Financial markets might come to a crawl as the focus shifts to tomorrow's FOMC decision. The Fed is expected to remind financial markets that they are ready to do more. The Fed is not ready to commit to yield curve control or locking in future rate hikes to overshooting their inflation target, but they may hint they are getting closer.
The other key drag for the markets today is the expected collapse in talks over next stimulus package. Republicans and Democrats will try to stick to their proposals but eventually cave in before the month ends.
The dollar is licking its wounds and recovering a small portion of yesterday’s losses. Until we get through the Fed, the dollar could strengthen as investors lock in profits.
Oil prices are being weighed down on coronavirus resurgence in Europe and Asia. Germany is concerned infections from a farm in Bavaria are spreading, while China sees the most local cases in at least four months as resurgences occur in the western and northeastern regions. Earnings results from McDonalds and 3M do not paint a positive picture of the US economy and that is also weighing on the crude demand outlook.
After the close, the weekly API oil inventory report could see another strong build as producers try to get as much output over the next few weeks as hurricane season heats up. The first hurricane is in the books and concerns remain elevated this could be a very active season.
Gold exhaustion settled in after prices fell short of the $2,000 level. Gold will need to get past the Fed policy decision, three key tech behemoth earnings results on Thursday, and as the federal government debate the latest virus belief bill. The dollar slide was due for a pause and the next catalyst will likely stem from whether Fed Chair Powell signals more accommodation is coming.

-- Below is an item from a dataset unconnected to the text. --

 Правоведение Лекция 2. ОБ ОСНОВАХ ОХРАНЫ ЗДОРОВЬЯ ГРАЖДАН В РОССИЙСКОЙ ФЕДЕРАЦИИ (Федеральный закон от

Today seems like the standard consolidation we see ahead of a Fed event and given gold’s sharp rise; weakness could see prices settle just ahead of the $1900 an ounce level.
Gold might see a healthy pullback if this week delivers a broader market selloff, but the outlook for the rest of the summer is still bullish. Gold continues to see steady inflows on virus resurgence, vaccine uncertainty for a couple of months, reopening reversals and massive job losses.
Democrats and Republicans will drag the virus relief bill talks down to the wire, but no one should doubt that more stimulus is coming and the federal government.